HUC’s American Jewish Archives to house JFNA’s multi-million Document Collection

The Jacob Rader Marcus Center of the American Jewish Archives (AJA) at the Cincinnati campus of Hebrew Union College-Jewish Institute of Religion (HUC-JIR), has announced that the AJA has been awarded a $500,000 matching grant from the National Endowment for the Humanities (NEH) to construct a new four-story archival facility adjacent to its current 52,000 square foot Marcus Repository Building to house The Jewish Federations of North America’s (JFNA) multi-million document collection. The collection includes historic documents from JFNA’s predecessors: The United Jewish Appeal and the Council of Jewish Federations.

The collections comprise 8,000 archival boxes, and approximately 6500 linear feet of documents and related materials.

The AJA’s award is among the NEH’s $30.9 million in grants for 188 humanities projects nationwide.

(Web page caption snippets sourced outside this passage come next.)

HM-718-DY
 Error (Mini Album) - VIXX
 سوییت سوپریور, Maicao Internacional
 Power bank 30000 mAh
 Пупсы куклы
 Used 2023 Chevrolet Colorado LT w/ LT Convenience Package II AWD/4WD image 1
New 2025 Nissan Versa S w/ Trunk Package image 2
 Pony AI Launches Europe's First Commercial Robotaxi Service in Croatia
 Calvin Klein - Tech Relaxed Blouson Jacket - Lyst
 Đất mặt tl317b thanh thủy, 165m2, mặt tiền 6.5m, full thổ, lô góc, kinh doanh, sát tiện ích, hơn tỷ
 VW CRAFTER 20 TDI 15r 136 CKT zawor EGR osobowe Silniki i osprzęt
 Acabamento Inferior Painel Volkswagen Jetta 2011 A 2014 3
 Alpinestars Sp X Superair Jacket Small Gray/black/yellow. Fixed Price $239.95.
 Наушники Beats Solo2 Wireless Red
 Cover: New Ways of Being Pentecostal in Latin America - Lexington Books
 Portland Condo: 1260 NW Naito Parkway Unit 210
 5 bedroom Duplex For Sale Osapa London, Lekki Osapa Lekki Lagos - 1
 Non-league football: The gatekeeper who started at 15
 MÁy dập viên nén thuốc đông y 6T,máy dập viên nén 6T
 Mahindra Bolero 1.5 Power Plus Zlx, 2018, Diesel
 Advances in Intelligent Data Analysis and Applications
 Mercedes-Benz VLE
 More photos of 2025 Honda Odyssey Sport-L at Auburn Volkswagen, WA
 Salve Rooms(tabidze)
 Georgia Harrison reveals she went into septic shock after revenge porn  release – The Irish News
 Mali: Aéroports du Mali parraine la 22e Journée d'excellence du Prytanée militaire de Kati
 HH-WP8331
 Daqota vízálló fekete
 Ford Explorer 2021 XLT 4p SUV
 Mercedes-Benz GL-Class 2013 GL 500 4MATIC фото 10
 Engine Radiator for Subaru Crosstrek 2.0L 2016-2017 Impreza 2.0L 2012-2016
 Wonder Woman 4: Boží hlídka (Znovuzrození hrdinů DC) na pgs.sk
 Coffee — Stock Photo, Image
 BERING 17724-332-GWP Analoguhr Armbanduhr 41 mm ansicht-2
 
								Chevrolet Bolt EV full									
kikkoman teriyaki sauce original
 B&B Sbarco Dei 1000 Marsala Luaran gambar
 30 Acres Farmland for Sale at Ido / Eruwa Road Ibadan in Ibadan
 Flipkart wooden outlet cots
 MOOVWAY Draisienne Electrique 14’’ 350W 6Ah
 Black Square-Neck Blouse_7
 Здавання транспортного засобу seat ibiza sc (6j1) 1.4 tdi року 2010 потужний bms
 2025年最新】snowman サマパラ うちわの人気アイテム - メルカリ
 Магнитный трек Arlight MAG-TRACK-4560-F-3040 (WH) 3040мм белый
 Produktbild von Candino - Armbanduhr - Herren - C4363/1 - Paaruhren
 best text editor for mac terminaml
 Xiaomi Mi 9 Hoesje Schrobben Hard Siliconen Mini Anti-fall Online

Andrew Rehfeld, Ph.D., President of HUC-JIR, says that the significance of the JFNA collection is difficult to overstate – as is the collection’s value to the understanding of how the activities of Federated communities helped shape American Jewish experience and culture. “Jewish Federations sustained the institutional structures required to build strong Jewish communities – where individuals could live with dignity, meaning and purpose, and where Judaism in all of its variety was part of a life well lived.  The model of communal collective responsibility begun in the late 19th century would become the model of the United Way in the United States. These papers tell the story of our people’s confrontation with modernity in North America: from our immigrant roots, to our connection with world Jewry throughout the urgent existential crises of the 20th Century. These priceless records will uncover new insights into the evolution of American Jewish communal life.”  

Once JFNA’s collection comes to the American Jewish Archives, Cincinnati will be the home of the world’s largest cataloged collection of documentary evidence on the history of American Jewry. HUC-JIR and the AJA are currently engaged in efforts to match the requested NEH Challenge Grant ($500,000) with non-federal funds of $1.5 million.